What is directory traversal?

Directory traversal, also known as “path traversal” (and identified with CWE-22), is a web application vulnerability that enables attackers to access unintended files on an underlying filesystem. Depending on how and where the traversal occurs, this could enable an attacker to read or write arbitrary files on the web server, possibly enabling the attacker to read sensitive data or files, modify application data, or take full control of the web server.

Traversal vulnerabilities are typically described based on whether they enable reading files or writing files. We’ll demonstrate the impact each can have in the following subsections.

Directory traversal allowing arbitrary file reads

Consider an application that allows a user to store photos and later retrieve them with a GET request using a filename parameter to specify which file to retrieve. If the application does not include protections against path traversal and builds the file path using the provided filename parameter, it could be possible to retrieve arbitrary files from the underlying web server. Figure 1 shows this sequence in practice:

Even if the application is vulnerable to the outlined traversal, there are still limitations like application permissions to consider. For example, if a model of least privilege is applied that limits the application's access on the web server, its permissions may limit the files the attacker can access with the vulnerability. This is one reason traversal payloads frequently use /etc/passwd as their target — the file needs to be readable by all users. There are other ways to sandbox and limit application access, which we’ll discuss further in the prevention section.

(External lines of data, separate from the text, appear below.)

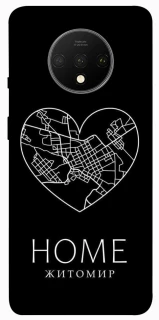 Чохол на OnePlus 7T Житомир Home фото 1 з 1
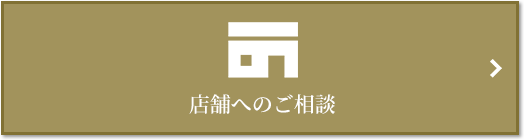 店舗相談｜ザ・パークハウス戸越公園タワー
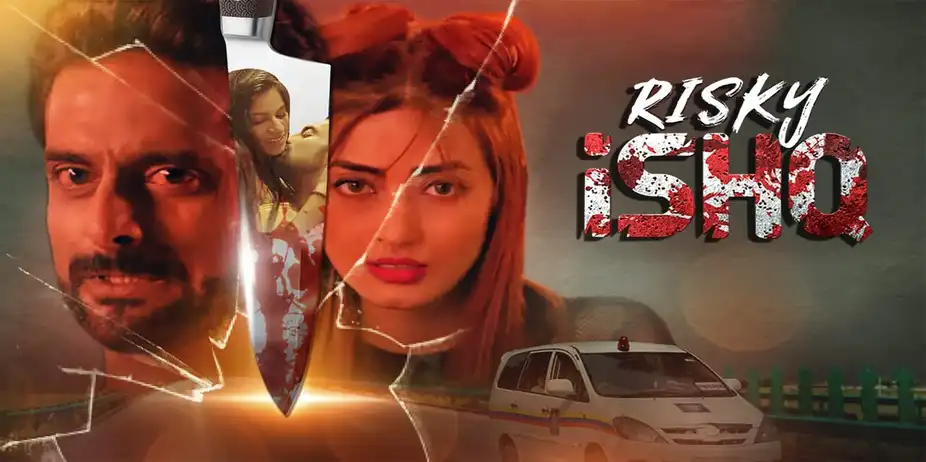Risky Ishq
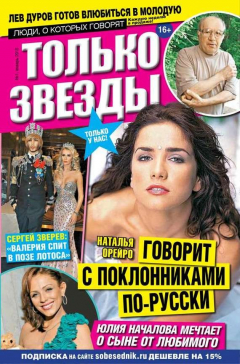 Книга Желтая газета. Только звезды выпуск 01 на ReadRate.com книга Желтая газета. Только звезды выпуск 01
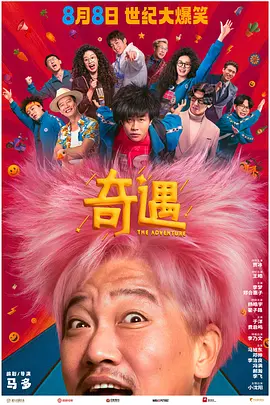 韩国三级hd高清中字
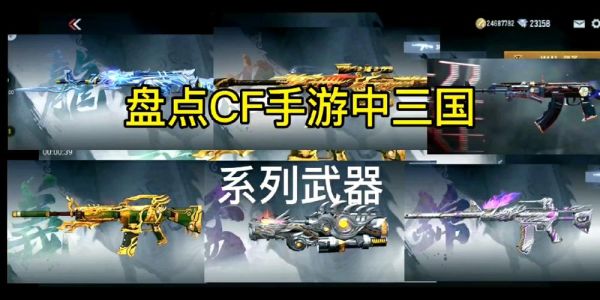 cf手游超大武器怎么获得？手游最大武器是什么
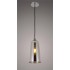 Подвесной светильник Lumina Deco Cesio LDP 6814 GY - изображение 2 Подвесной светильник Lumina Deco Cesio LDP 6814 GY - изображение 2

Directory traversal allowing arbitrary file writes

Consider the same photo-storing application, but it now allows the user to name each of the photos they’re storing. When saving the file to disk, the application uses the provided name to build the file path for the photo file. Unless there are sufficient protections, an attacker can add traversal sequences (e.g., ../) to the provided name, controlling which directory the file is stored in.

While this may seem innocuous since it’s just storing a photo, there are ways to further the exploitation. If the file type is not validated (e.g., JPEG, PNG), an attacker could upload any file type, leading to several different exploitation scenarios such as:

Adding the attacker’s public key to a user’s authorized_keys file (e.g., /root/.ssh/authorized_keys) to gain persistent access
Overwriting application files to modify application behavior
Uploading a web shell within the web root
Causing a denial of service by overwriting needed system files
Uploading executable files (e.g., malware, ransomware)

Depending on the access level of the application, the impact of an arbitrary file write from a directory traversal can be devastating.

Real examples of directory traversal

With the basics of Directory Traversal covered, let’s look at some recent exploitation of this vulnerability in the real world.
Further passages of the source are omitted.